Stryker's Run is a video game designed by Chris Roberts and Philip Meller for the BBC Micro and BBC Master which was published by Superior Software in 1986. It was also later converted to the Acorn Electron. It is a 2D side-scrolling action game. It was well received, particularly for its graphics.

==Gameplay==

Acorn Electron screenshot. The start of the game at the enemy HQ.

Stryker's Run is a 2D side-scrolling action game. The game is set during a futuristic war. The player takes the role of Commander John Stryker of the Allied Nations who has obtained plans of an attack by the enemy Volgans.

The objective of the game is to escape with the plans and reach the Allied headquarters. Stryker is armed with a laser pistol and grenades. He can also commandeer aircraft that can be used until the fuel runs out. The Volgans have a wide variety of weapons including rifles, pistols, grenades, machine guns, mortars, mines, helicopter gunships, rocket launchers and SAM missiles.

As well as enemies, the game features allied soldiers who will fire at the enemies but can get caught in crossfire. The game takes place entirely on one level on a scrolling landscape.

==Development and release==
The game was originally developed and coded by Chris Roberts and Philip Meller on the BBC Micro with additional graphics by Nick Elms. As the game pushed the limits of the hardware, certain elements had to be left out of the standard version and Stryker's Run became the first game released to include an enhanced version for the newly released BBC Master. As well as extra in-game graphics, this version adds a title screen with music, a high score table, on-screen instructions and user-defined controls. The music, a version of the Yellow Magic Orchestra's "Rydeen", was created by Martin Galway. The standard version could only fit in a plain screen with minimal text. The BBC Micro version of the game (also containing the Master enhanced version) was released by Superior Software in 1986 on cassette and floppy disk.
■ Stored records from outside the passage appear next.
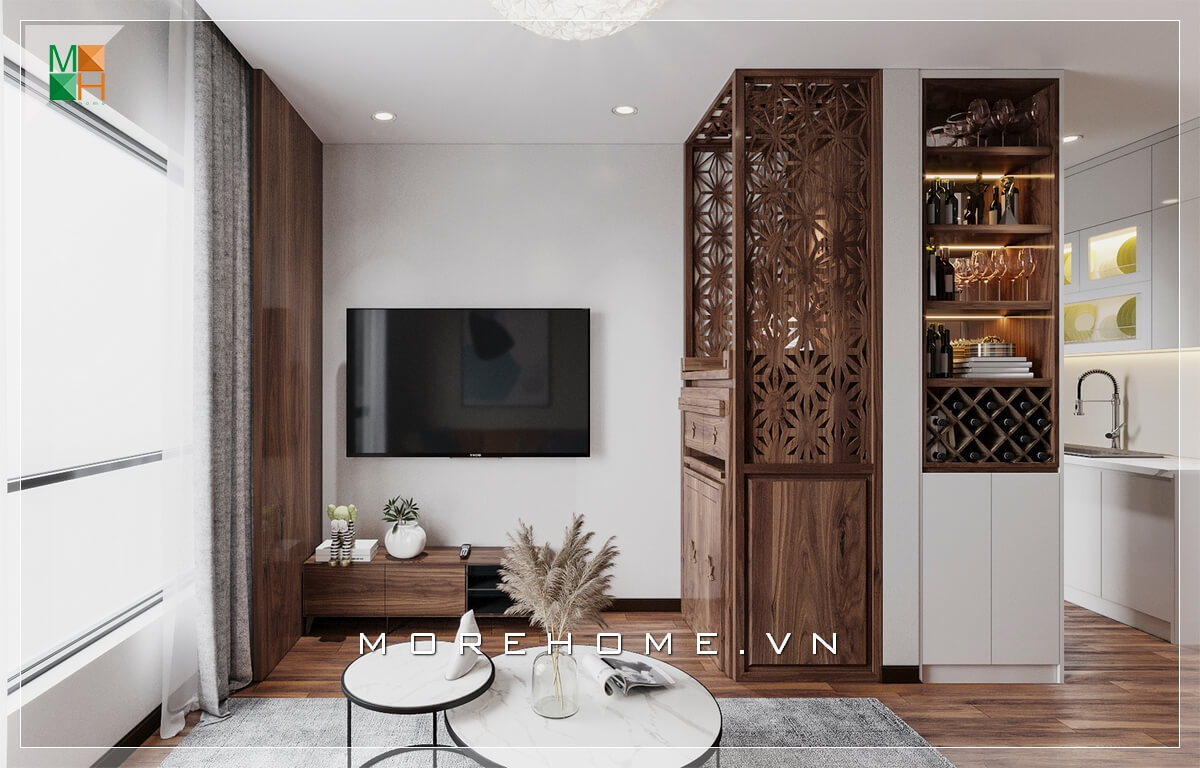 Mẫu kệ tivi gỗ tự nhiên tuy đơn giản nhưng cũng hết sức tinh tế và tiện nghi khiến căn phòng khách chung cư trở nên sang trọng hơn. Thiết kế phòng khách chung cư hiện đại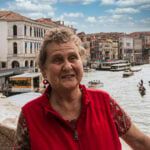 an older woman standing in front of a body of water with boats floating on it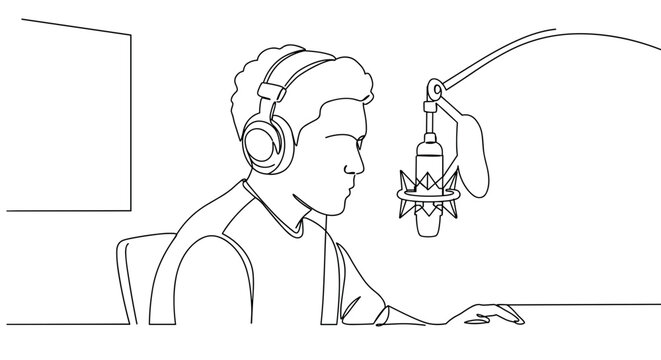 Young man recording audio at microphone in studio setting  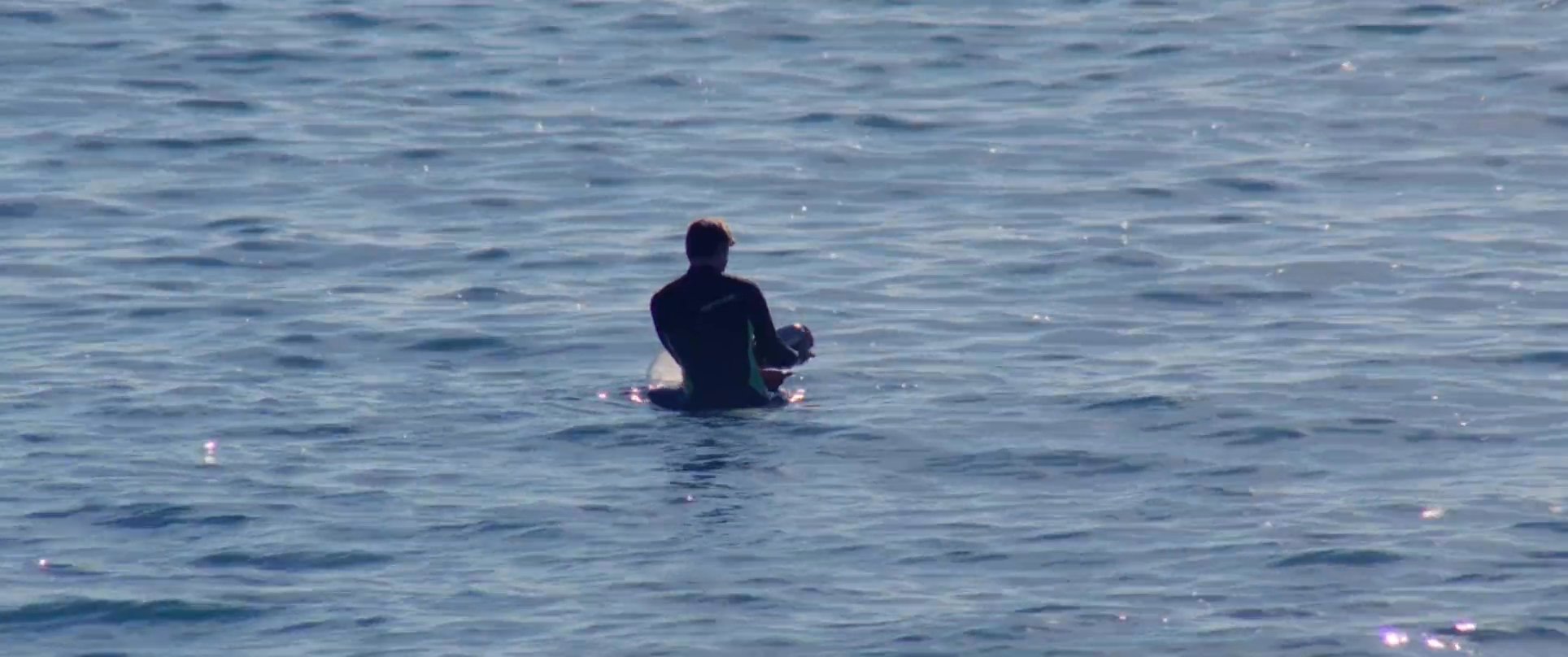 An individual in a wetsuit shares an emotional embrace on a sandy beach before entering the ocean to paddle out into the surf.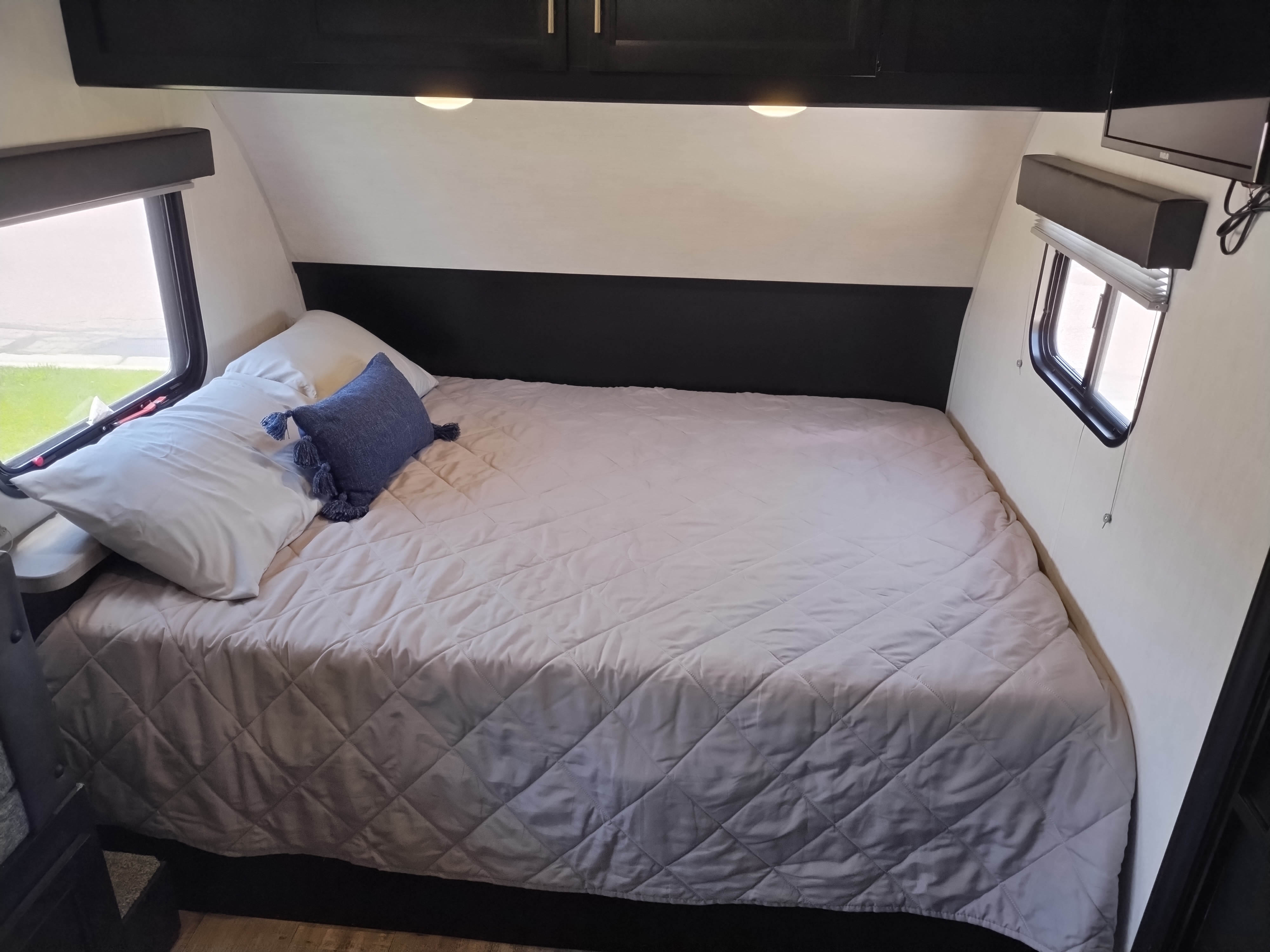 Inside a clean RV rental bedroom featuring a comfy bed with quilted cover, side windows, and overhead lighting.. Forest River Cherokee Wolf Pup 2022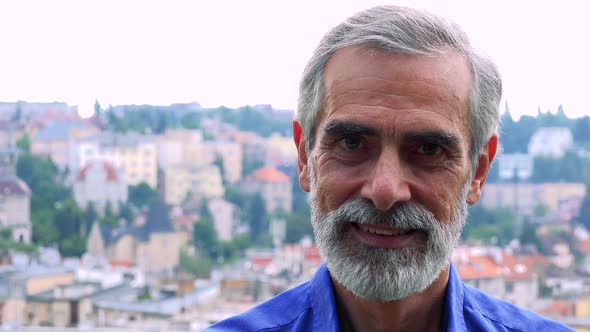 Old Senior Man Smiles To Camera - City (Buildings) in Background - Closeup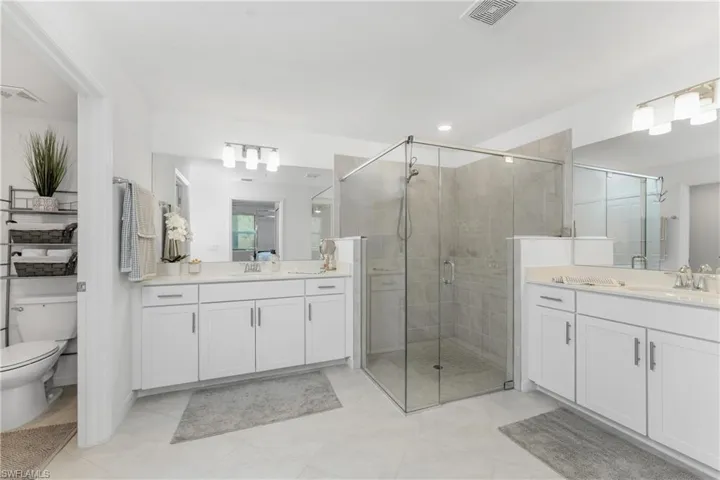 Bathroom featuring a shower stall, two vanities, and light tile patterned floors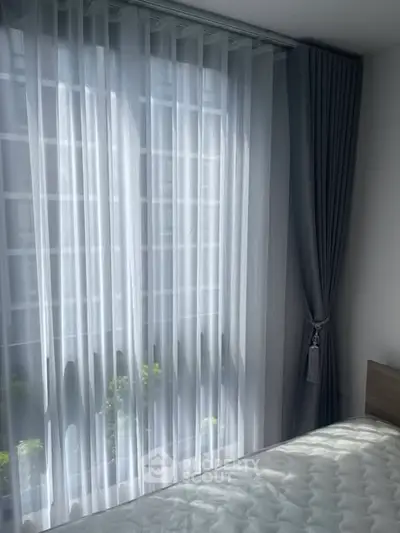 Bright bedroom with sheer curtains and natural light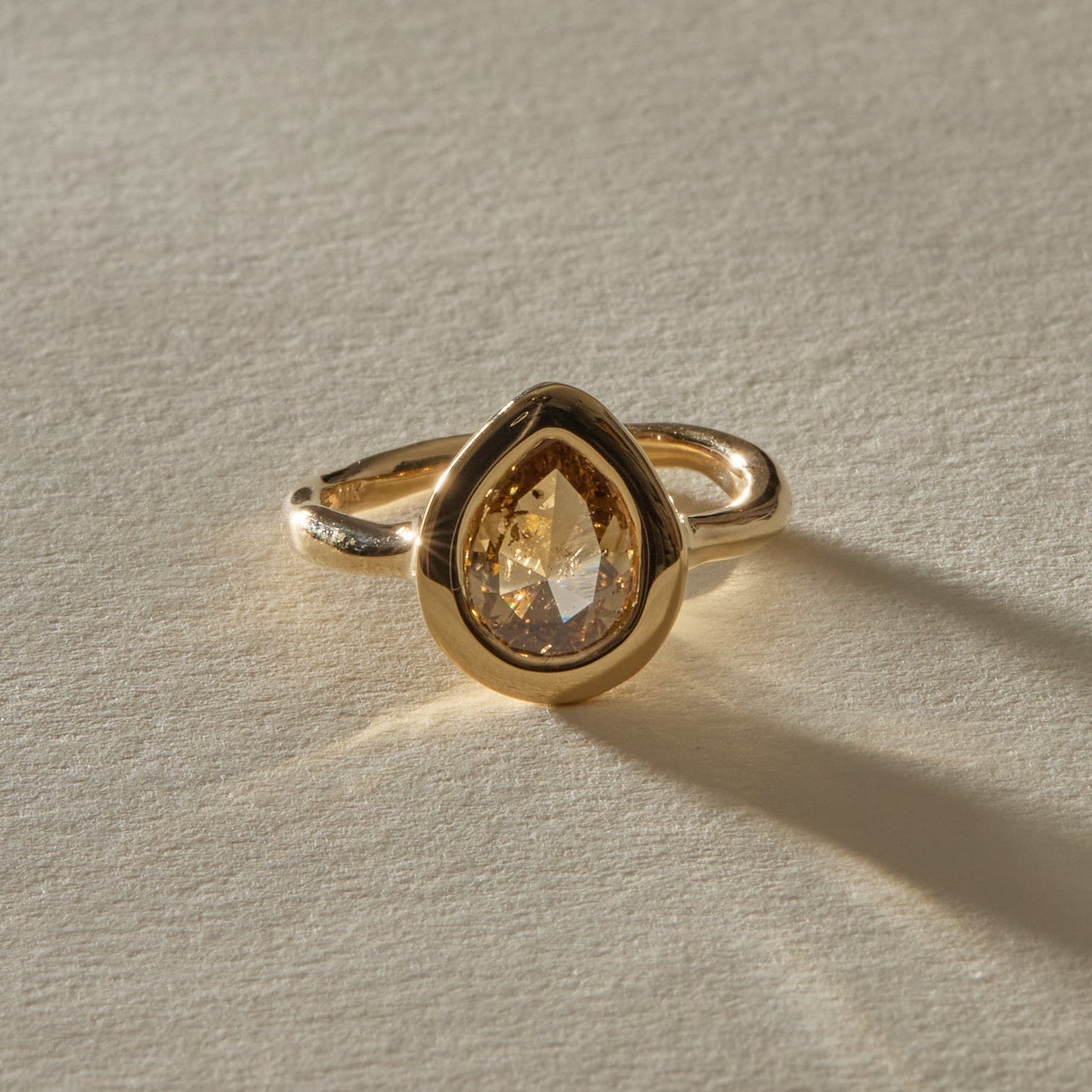 Aurum Pear Diamond Ring from the front, showing the rose cut facets and organic bezel.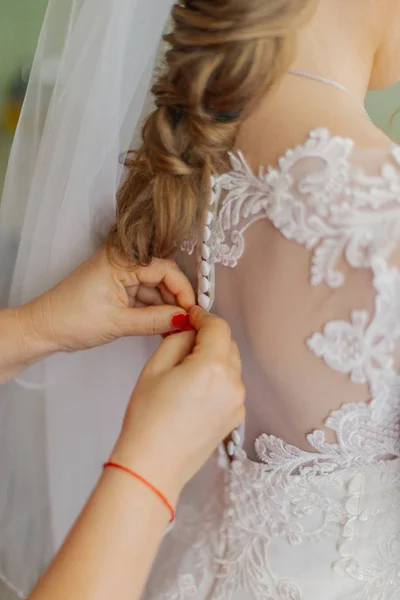 Une jeune mariée boutonnée robe de mariée. Joyeux jour de mariage . — Photo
Unlike the majority of Superior Software's BBC Micro games, it was thought that it would not be possible to convert to the Acorn Electron as the game already used up the memory of the BBC Micro and the Electron lacks hardware scrolling capability. After completing the sequel to the game, Martin Edmondson and Nicholas Chamberlain did create an Electron version. The main difference is that instead of one long, scrolling screen, the playing area is broken up into single screen sections. The front end of the game is even more limited than the standard BBC Micro version as the game starts as soon as the game is loaded and there is only a plain screen displaying the score when the player dies. The Electron version was released in 1987 (on cassette only) at the same time as the sequel.

The game was included on the first Play It Again Sam compilation released for Christmas 1987. This included the Electron version on disk for the first time.

==Legacy==
The game spawned a sequel, titled Codename: Droid - Stryker's Run part 2, which was released in 1987. This took place in a multi-level underground base with many added moves and features, and was considered by a GamesTM reviewer as an early example of what later became known as the Metroidvania genre. A third game was in development for the RiscPC in the mid 1990s but was never completed. A remake of the original game for Microsoft Windows by the original publishers has been in development since 2007 but has no set release date.

==Critical reception==
BBC Micro magazine A&B Computing said: "This game will impress you... the graphics are stunning... this should be in every collection".
Electron User, in a dual review for Stryker's Run and its sequel, gave a score of 10/10 but while they praised the "beautifully drawn" backdrops, it was noted that the "animation is a bit flickery at times". In their review of the Play It Again Sam compilation, they also stated that "the scenery is breathtaking and what it lacks in playability is made up for by sheer fun".